Yes, Tavis Smiley will trade his tailored suits for a dance costume on Dancing With the Stars, but there is one thing he won’t be doing.
“You will not see me twerking,” he says. “Y’all can stop that nonsense,” he says. “I will not be looking like Emmit (Smith) with nothing shiny on. I will not be shirtless, I will not be twerking.”
Smiley says he asked producers for the worst people that have danced on the show – including Master P, Keyshawn Johnson and Billy Dee Williams. He says that at least encouraged him to believe that he could do better than they had. He’ll begin on the show on Monday night with partner Sharna Burgess.
One of the more interesting facts about his appearance on the show is that Smiley, who has 9 siblings, grew up in a strictly religious household that didn’t allow him to dance or listen to music. So his learning curve may be tougher than most contestants. According to The Washington Post, he couldn’t even attend his junior or senior proms.

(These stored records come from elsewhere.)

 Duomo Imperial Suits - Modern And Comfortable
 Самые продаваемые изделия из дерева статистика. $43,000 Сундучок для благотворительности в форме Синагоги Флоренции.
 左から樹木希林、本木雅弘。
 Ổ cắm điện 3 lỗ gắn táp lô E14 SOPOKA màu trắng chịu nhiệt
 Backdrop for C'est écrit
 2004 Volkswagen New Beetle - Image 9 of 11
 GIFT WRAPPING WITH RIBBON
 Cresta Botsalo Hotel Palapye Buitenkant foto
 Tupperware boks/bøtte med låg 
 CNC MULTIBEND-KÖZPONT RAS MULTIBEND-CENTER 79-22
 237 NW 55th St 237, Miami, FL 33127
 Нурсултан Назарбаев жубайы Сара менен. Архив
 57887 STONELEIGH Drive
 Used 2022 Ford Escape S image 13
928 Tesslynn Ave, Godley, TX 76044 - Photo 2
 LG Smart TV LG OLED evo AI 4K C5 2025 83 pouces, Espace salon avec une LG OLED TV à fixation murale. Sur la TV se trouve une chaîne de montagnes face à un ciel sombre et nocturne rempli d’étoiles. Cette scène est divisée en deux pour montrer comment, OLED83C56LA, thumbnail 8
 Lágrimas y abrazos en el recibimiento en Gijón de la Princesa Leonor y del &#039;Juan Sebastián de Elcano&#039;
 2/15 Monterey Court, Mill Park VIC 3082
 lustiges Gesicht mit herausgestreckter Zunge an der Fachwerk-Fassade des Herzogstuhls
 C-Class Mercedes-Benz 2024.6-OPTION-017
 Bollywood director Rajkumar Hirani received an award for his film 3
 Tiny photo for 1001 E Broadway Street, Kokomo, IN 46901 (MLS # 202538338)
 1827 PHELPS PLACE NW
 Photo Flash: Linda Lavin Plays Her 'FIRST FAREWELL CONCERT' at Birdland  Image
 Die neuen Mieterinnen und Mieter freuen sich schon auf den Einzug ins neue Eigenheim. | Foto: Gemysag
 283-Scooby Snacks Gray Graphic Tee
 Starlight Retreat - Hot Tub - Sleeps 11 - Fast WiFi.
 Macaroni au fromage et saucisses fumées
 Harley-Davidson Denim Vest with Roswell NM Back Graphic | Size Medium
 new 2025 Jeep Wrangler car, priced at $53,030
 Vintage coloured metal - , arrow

In more serious news, Smiley recently penned a book (with biographer David Ritz) called Death of a King, which details the year of King’s life prior to his assassination in Memphis in 1968. The book is already in a second printing even though it’s just been released this week. Smiley says that’s a first out of the 17 books he’s written.
“It’s moving in part because there’s so much in the text that people don’t know about Dr. King. His three biographers… have done the heavy lifting and without their work I couldn’t have done this. But no book focuses on the last year of his life – April 4, 1967 to April 4, 1968 when he came out against the war on Vietnam, and moved from talking about civil rights to talking about the war in Vietnam to about what he called the triple threat of racism, poverty and militarism. And when that happened, everybody and everything turned against him.”
Smiley says both the Johnson administration, the media, including the Black media, and prominent African-Americans of the time denounced King because they felt his new focus would alienate them from The White House that had enacted significant civil rights legislation like the Voting Rights Act.
“If you really want to know who Martin is, look at how he stood in his truth when everything turned against him,” says Smiley. “That’s why this last year we don’t know anything about is so critical.”